Number of samples to generate

Value

A data frame with one column per model parameter (on a transformed scale, e.g. log intensities), and one row per sample. The names are in the natural format as specified in priors.

An attribute "stan_names" contains the names of the corresponding parameters in the draws object that would be returned by msmbayes if this model were to be fitted to data. These are the names used internally by Stan, and not meant to be interpretable by users.

An attribute "expand" contains the same sample but with parameters for covariate effects referring to state transitions on the latent space. Used internally for posterior predictive sampling.

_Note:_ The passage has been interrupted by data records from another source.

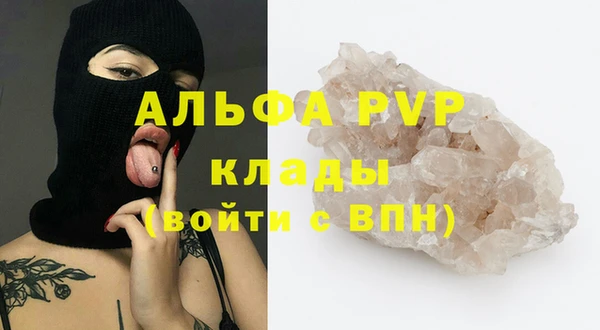 сатива Вязьма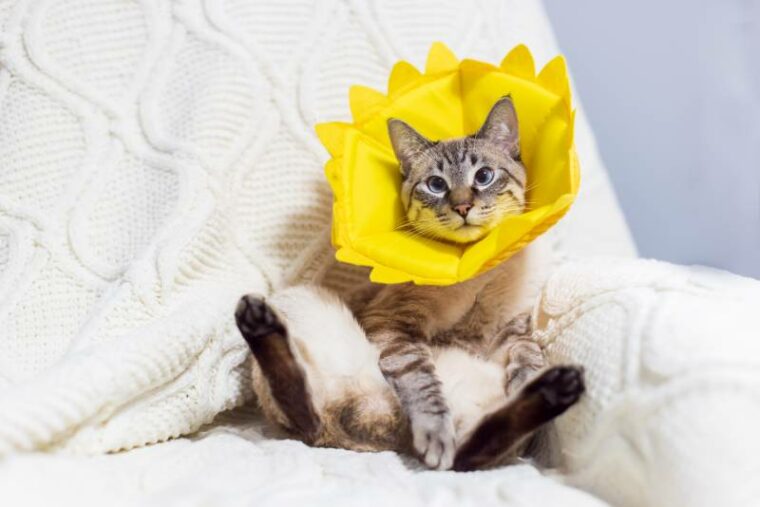 tabby cat in a cone collar while sitting on a sofa
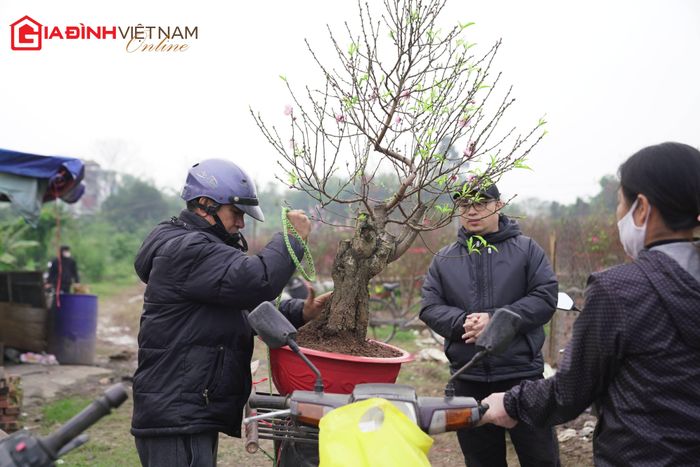 Từ lâu, hoa đào Nhật Tân dường như đã trở thành biểu tượng văn hóa của Hà Nội mỗi dịp Xuân về. Sắc thắm của hoa đào khiến cho không khí Tết rộn ràng, ấm áp hơn.
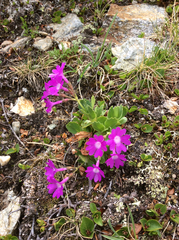 Primula hirsuta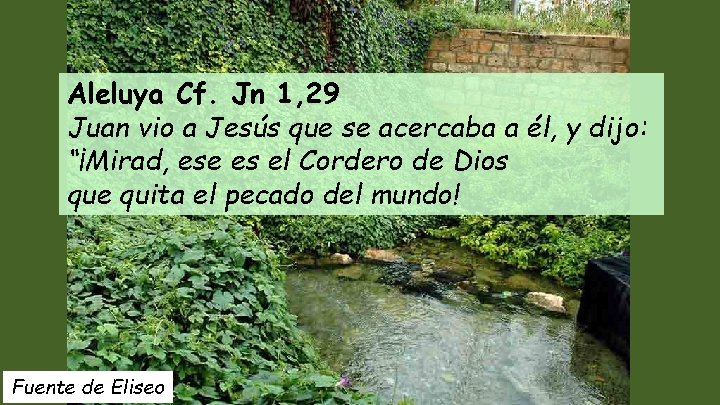 Aleluya Cf. Jn 1, 29 Juan vio a Jesús que se acercaba a él,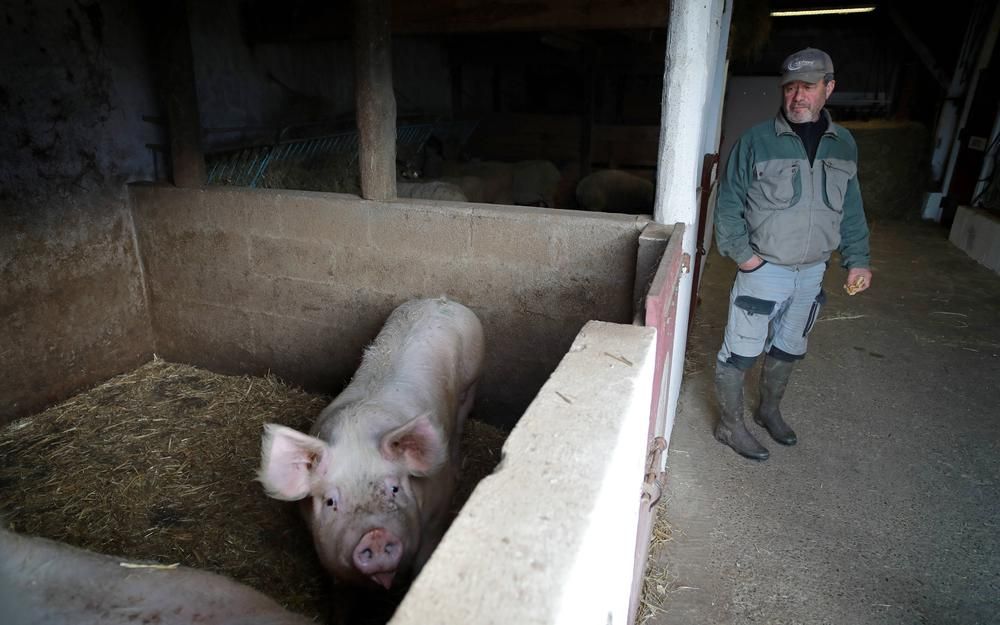 Polémique à Vénissieux : Un Boulanger Arrête de Vendre «du Porc» après une Agression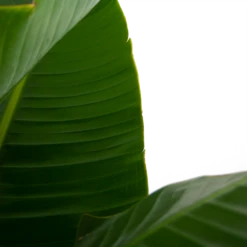 Strelitzia Nicolai - Paradijsvogelpant - P32 H170 - Kamerplant 7 Strelitzia Nicolai - Paradijsvogelpant - P32 H170 - Kamerplant -Woondecoratie Winkel strelitzia nicolai paradijsvogelpant p32 h170 5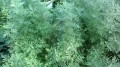 pontica_20140830103901708.jpg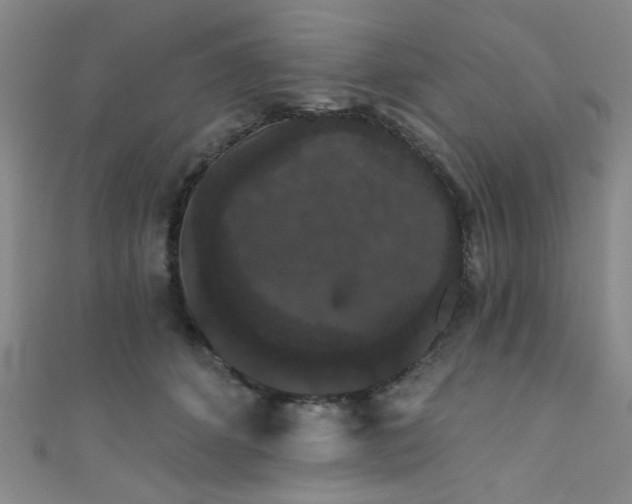 X0000111420512200907131205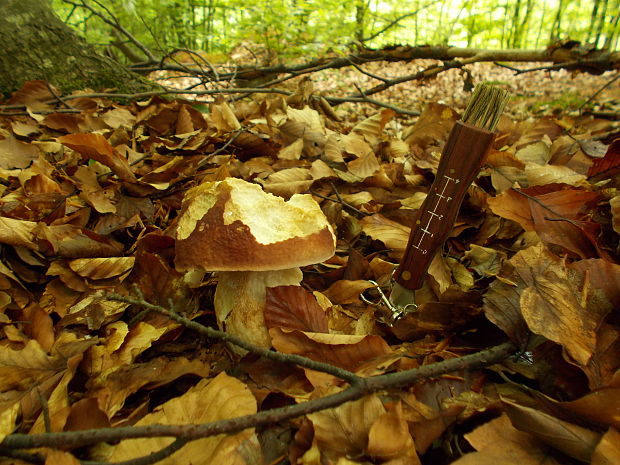 hríb sosnový Boletus pinophilus Pil. et Dermek in Pil.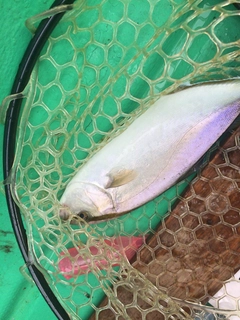 シオの釣果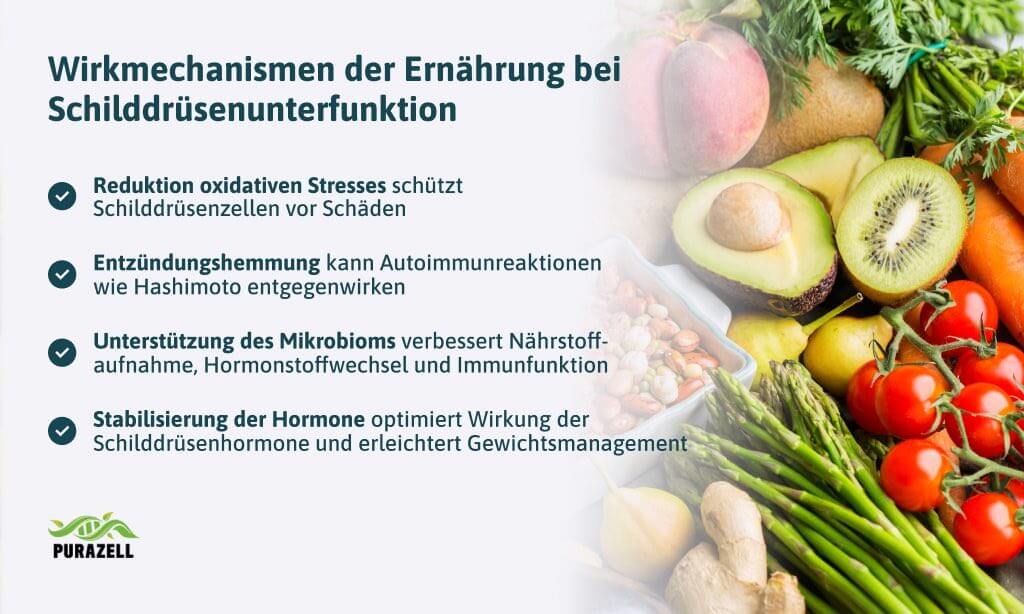 schilddruesenunterfunktion-ernaehrung-wirkmechanismen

Generate a dataset from the prior predictive distribution in a msmbayes model

Description

This generates a single sample of parameters from the prior, then generates observed states from a multi-state model with those parameters. The data argument should contain the time and subject indicators at which states are to be simulated (by default), or the maximum observation time (if complete_obs=FALSE).

Usage

msmbayes_priorpred_sample(
  data,
  state = "state",
  time = "time",
  subject = "subject",
  Q,
  covariates = NULL,
  pastates = NULL,
  pafamily = "gamma",
  panphase = NULL,
  nphase = NULL,
  E = NULL,
  priors = NULL,
  complete_obs = FALSE,
  cov_format = "orig"
)

Arguments

data

Data frame giving the observed data.

state

Character string naming the observed state variable in the data. This variable must either be an integer in 1,2,...,K, where K is the number of states, or a factor with these integers as level labels. If omitted, this is assumed to be "state".

time

Character string naming the observation time variable in the data. If omitted, this is assumed to be "time".

subject

Character string naming the individual ID variable in the data. If omitted, this is assumed to be "subject".

Q

Matrix indicating the transition structure. A zero entry indicates that instantaneous transitions from (row) to (column) are disallowed. An entry of 1 (or any other positive value) indicates that the instantaneous transition is allowed. The diagonal of Q is ignored.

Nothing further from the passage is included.